-------- Material provided

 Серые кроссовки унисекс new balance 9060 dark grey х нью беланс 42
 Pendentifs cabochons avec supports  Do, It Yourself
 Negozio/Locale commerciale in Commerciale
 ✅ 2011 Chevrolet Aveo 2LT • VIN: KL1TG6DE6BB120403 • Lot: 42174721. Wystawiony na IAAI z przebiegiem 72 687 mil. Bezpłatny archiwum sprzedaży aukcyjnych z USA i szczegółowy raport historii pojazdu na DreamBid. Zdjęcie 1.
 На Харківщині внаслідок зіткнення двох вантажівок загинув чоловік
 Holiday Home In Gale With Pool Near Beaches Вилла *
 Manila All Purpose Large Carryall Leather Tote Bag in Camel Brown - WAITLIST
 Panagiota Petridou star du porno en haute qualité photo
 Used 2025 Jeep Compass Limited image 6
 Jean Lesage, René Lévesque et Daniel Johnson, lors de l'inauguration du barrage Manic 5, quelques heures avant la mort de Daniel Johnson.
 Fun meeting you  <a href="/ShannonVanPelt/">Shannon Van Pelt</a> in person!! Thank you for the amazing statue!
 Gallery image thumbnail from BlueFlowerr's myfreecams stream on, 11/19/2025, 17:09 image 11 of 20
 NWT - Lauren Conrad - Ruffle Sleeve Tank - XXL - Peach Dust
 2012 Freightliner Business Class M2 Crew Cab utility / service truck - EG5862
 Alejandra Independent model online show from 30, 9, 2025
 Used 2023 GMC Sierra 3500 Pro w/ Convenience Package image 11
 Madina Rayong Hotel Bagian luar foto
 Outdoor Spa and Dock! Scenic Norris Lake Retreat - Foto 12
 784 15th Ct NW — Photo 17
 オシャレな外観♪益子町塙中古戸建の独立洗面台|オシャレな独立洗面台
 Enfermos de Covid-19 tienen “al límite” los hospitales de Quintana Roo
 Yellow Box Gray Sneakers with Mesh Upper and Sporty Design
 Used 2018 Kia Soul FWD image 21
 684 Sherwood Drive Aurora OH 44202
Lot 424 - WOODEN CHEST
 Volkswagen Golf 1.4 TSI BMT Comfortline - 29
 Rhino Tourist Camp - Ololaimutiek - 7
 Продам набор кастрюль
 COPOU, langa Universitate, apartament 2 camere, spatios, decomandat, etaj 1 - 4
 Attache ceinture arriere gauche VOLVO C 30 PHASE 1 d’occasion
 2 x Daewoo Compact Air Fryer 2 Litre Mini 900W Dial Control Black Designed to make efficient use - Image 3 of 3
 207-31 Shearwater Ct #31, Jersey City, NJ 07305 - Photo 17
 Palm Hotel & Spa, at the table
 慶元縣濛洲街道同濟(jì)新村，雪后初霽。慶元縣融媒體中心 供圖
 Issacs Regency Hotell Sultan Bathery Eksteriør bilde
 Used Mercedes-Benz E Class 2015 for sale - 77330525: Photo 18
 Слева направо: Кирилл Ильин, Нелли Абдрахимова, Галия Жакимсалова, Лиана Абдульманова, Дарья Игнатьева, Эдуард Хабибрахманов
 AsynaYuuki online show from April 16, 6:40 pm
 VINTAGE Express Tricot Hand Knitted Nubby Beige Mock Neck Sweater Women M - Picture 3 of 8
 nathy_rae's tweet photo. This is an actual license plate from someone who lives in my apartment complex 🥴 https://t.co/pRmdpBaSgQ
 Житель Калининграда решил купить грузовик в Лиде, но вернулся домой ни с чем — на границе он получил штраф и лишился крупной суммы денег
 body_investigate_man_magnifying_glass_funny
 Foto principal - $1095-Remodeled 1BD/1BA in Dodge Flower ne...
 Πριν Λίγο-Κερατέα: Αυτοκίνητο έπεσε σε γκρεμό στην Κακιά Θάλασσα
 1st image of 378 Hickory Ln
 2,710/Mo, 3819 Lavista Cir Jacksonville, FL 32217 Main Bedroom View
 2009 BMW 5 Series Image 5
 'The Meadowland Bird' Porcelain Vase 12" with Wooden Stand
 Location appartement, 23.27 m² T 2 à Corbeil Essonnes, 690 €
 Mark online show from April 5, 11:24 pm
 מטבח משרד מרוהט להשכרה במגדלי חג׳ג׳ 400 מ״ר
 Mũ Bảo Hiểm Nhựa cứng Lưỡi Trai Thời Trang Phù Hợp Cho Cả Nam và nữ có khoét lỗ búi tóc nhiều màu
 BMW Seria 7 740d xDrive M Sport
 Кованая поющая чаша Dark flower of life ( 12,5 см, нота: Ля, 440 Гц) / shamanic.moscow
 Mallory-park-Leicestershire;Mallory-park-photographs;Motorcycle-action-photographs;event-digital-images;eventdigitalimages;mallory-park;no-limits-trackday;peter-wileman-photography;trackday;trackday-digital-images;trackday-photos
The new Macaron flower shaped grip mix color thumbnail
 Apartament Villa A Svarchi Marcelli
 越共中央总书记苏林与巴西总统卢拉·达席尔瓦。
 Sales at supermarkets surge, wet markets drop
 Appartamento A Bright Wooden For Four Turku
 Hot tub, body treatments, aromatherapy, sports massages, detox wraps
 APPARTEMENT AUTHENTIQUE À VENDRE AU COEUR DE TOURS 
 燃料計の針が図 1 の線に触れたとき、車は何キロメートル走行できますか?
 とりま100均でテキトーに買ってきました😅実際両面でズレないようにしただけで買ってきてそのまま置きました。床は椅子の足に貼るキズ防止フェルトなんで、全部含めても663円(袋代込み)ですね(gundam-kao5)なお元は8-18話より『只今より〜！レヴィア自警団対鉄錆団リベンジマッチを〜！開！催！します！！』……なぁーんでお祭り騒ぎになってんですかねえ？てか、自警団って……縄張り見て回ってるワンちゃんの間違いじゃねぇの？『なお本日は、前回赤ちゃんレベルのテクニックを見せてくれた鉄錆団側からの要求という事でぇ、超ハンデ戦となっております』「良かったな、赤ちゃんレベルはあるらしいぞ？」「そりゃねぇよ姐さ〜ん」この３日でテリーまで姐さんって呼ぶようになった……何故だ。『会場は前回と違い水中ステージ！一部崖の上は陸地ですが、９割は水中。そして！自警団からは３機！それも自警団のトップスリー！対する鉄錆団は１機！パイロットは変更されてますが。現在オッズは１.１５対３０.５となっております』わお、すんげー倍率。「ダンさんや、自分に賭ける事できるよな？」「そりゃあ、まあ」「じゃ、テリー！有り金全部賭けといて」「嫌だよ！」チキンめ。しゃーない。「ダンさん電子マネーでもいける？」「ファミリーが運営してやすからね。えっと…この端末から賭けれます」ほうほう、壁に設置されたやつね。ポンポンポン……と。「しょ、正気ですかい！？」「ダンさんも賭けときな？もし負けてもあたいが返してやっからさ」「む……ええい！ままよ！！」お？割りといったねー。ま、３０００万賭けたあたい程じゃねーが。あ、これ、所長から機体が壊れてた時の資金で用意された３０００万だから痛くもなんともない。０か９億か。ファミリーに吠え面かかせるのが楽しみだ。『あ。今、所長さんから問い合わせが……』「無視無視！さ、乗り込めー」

----------------

*Task to complete*. Proceeding from the line containing "Attache ceinture arriere" through the line containing "BMW Seria 7 740d xDrive M Sport", transcribe the lines above exactly, both end lines included.

*Problem solution*.
 Attache ceinture arriere gauche VOLVO C 30 PHASE 1 d’occasion
 2 x Daewoo Compact Air Fryer 2 Litre Mini 900W Dial Control Black Designed to make efficient use - Image 3 of 3
 207-31 Shearwater Ct #31, Jersey City, NJ 07305 - Photo 17
 Palm Hotel & Spa, at the table
 慶元縣濛洲街道同濟(jì)新村，雪后初霽。慶元縣融媒體中心 供圖
 Issacs Regency Hotell Sultan Bathery Eksteriør bilde
 Used Mercedes-Benz E Class 2015 for sale - 77330525: Photo 18
 Слева направо: Кирилл Ильин, Нелли Абдрахимова, Галия Жакимсалова, Лиана Абдульманова, Дарья Игнатьева, Эдуард Хабибрахманов
 AsynaYuuki online show from April 16, 6:40 pm
 VINTAGE Express Tricot Hand Knitted Nubby Beige Mock Neck Sweater Women M - Picture 3 of 8
 nathy_rae's tweet photo. This is an actual license plate from someone who lives in my apartment complex 🥴 https://t.co/pRmdpBaSgQ
 Житель Калининграда решил купить грузовик в Лиде, но вернулся домой ни с чем — на границе он получил штраф и лишился крупной суммы денег
 body_investigate_man_magnifying_glass_funny
 Foto principal - $1095-Remodeled 1BD/1BA in Dodge Flower ne...
 Πριν Λίγο-Κερατέα: Αυτοκίνητο έπεσε σε γκρεμό στην Κακιά Θάλασσα
 1st image of 378 Hickory Ln
 2,710/Mo, 3819 Lavista Cir Jacksonville, FL 32217 Main Bedroom View
 2009 BMW 5 Series Image 5
 'The Meadowland Bird' Porcelain Vase 12" with Wooden Stand
 Location appartement, 23.27 m² T 2 à Corbeil Essonnes, 690 €
 Mark online show from April 5, 11:24 pm
 מטבח משרד מרוהט להשכרה במגדלי חג׳ג׳ 400 מ״ר
 Mũ Bảo Hiểm Nhựa cứng Lưỡi Trai Thời Trang Phù Hợp Cho Cả Nam và nữ có khoét lỗ búi tóc nhiều màu
 BMW Seria 7 740d xDrive M Sport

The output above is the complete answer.